That is the only thing that I don't like about Petsmart. I do like Petsmart better than Petco because it seems allot cleaner and brighter, but Petco has good brands of food LOL


----------



## Yorkie967 (Mar 13, 2012)

lovemydogsalways said:


> That is the only thing that I don't like about Petsmart. I do like Petsmart better than Petco because it seems allot cleaner and brighter, but Petco has good brands of food LOL


funny you should mentioned that because I feel exactly the same way and have ended up going to petsmart more than petco. It's just nice and bright and bit cleaner than petco. I just wished they had the great selection of petfood as petco.

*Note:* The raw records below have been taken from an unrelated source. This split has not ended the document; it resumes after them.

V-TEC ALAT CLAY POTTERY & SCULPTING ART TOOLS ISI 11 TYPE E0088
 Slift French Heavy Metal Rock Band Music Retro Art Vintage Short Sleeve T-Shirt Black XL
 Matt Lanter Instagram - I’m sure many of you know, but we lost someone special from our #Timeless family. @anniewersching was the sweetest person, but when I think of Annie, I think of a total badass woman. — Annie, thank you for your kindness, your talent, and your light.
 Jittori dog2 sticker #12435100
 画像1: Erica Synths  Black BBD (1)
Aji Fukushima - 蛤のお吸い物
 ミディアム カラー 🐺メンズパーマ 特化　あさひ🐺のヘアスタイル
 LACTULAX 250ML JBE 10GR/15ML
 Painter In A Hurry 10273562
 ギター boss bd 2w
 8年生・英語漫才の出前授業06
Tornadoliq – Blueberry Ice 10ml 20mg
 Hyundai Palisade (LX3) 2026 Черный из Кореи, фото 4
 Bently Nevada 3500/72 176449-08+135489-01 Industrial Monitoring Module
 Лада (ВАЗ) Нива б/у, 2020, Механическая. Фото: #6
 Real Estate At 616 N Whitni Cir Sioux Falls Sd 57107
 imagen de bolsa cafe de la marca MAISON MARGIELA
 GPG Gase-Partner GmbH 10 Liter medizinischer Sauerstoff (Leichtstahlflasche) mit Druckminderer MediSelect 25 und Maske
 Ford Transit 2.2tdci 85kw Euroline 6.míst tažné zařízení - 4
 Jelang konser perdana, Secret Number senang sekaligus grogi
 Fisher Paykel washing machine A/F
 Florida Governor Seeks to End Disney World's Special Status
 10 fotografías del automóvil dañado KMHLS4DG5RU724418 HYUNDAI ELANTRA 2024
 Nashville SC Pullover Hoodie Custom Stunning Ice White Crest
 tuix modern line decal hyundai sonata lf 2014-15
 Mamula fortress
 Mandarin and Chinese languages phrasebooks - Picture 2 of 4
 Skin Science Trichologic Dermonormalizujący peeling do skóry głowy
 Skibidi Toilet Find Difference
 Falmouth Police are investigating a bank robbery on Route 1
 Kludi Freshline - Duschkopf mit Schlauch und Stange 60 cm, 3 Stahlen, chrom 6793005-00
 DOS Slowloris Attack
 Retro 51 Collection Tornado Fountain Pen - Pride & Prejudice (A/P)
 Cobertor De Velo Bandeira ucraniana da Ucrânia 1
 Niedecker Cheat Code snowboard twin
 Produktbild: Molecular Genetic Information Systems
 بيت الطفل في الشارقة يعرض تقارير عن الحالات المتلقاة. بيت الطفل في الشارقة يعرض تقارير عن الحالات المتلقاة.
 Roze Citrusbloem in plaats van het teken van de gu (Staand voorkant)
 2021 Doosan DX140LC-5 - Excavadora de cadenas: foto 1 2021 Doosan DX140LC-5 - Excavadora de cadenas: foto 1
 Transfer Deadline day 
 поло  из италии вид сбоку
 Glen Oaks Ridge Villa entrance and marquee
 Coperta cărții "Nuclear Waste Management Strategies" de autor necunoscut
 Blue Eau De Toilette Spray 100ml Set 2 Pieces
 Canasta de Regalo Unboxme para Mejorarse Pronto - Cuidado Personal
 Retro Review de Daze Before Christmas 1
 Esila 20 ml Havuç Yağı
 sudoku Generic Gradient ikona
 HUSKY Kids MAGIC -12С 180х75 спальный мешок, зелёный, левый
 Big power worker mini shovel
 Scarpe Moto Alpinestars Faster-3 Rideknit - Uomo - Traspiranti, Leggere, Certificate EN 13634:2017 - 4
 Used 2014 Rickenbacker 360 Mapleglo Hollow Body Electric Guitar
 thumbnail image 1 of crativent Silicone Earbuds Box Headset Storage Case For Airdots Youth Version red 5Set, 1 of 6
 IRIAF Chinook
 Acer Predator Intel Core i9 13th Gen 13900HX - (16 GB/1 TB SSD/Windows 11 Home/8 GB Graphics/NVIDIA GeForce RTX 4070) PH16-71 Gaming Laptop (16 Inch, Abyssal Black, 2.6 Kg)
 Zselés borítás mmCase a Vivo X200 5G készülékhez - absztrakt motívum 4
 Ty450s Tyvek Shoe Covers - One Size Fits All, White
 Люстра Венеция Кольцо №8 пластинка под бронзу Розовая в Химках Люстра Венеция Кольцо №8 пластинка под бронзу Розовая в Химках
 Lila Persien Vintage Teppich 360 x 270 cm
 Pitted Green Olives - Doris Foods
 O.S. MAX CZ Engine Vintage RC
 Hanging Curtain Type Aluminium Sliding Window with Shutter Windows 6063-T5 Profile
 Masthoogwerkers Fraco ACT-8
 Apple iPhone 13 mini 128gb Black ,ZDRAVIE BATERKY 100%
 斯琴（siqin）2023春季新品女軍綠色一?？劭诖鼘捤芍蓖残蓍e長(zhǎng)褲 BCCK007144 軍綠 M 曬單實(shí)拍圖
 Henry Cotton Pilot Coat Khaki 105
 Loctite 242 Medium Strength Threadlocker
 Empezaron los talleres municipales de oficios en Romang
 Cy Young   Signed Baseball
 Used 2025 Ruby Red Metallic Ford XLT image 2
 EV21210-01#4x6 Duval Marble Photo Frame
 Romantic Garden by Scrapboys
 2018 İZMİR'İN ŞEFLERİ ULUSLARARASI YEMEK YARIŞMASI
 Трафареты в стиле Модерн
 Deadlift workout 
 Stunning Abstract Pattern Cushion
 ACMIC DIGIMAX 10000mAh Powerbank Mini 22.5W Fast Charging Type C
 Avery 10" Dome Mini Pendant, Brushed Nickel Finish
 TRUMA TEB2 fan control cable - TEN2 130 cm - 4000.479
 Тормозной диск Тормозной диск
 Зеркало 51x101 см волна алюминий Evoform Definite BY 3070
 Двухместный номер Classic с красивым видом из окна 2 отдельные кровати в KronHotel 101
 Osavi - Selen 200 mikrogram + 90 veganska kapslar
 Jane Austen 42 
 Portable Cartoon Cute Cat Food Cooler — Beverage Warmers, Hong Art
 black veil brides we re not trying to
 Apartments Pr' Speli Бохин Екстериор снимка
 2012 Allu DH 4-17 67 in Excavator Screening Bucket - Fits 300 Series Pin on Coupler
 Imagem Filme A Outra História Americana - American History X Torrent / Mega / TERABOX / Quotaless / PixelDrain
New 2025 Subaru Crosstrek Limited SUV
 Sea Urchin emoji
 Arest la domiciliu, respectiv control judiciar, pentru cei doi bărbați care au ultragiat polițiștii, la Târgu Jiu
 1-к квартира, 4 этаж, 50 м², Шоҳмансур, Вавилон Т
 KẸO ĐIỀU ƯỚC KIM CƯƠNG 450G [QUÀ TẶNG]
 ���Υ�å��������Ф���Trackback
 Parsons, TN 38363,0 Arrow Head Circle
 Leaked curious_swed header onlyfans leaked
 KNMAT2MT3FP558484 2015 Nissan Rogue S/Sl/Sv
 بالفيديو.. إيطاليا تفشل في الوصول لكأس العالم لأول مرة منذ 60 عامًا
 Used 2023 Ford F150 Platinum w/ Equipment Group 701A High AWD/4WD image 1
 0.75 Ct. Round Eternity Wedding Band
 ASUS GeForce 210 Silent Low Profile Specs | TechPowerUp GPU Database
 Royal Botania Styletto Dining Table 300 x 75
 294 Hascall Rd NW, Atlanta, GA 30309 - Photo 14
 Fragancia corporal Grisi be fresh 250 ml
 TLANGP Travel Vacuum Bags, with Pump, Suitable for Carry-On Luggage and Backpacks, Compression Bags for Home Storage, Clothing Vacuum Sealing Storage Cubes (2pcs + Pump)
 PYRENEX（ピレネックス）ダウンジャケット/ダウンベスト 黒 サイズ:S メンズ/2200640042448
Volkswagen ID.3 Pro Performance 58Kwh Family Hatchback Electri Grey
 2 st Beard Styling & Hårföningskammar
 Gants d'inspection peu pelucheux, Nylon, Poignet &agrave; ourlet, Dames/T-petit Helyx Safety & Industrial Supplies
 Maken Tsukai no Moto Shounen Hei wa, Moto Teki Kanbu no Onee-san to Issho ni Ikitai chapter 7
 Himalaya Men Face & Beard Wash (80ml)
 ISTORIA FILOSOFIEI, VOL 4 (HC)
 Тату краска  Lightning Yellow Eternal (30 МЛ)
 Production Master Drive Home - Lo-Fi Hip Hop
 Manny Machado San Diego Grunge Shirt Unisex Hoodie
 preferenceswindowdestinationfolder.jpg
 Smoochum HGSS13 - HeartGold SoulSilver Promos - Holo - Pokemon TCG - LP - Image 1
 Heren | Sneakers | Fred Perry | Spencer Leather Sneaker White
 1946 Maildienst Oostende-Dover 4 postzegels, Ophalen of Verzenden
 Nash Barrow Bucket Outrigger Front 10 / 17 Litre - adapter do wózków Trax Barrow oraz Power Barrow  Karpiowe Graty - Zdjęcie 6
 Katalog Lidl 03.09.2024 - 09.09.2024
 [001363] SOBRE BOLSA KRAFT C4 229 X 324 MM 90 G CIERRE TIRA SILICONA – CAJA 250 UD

But good job for pointing that out


----------



## Huginn (Nov 21, 2011)

Its because of those red shelves at PetCo, not only do they make it look dimmer, but the color red is an eye irritant. It was my personal opinion when I worked there that part of the reason customers at PetCo are so angry is the red shelves, same with Home Depot customers being irritated by the orange shelves. Also, PetCo has this claim that they are going green by not turning on all of their store lights before 10am, when I worked there it included the AC not being on in the middle of the summer and EVERY single customer complained that it was warmer inside than out, to which we had to reply with our "green" statement. 
Anyway, PetSmart is beginning to carry some better brands and I was super excited to see that we were clearancing out some of the lower quality ones, like Chef Michael's. If everyone starts sending more emails requesting more grain free options, I'm willing to bet it will continue to change.


----------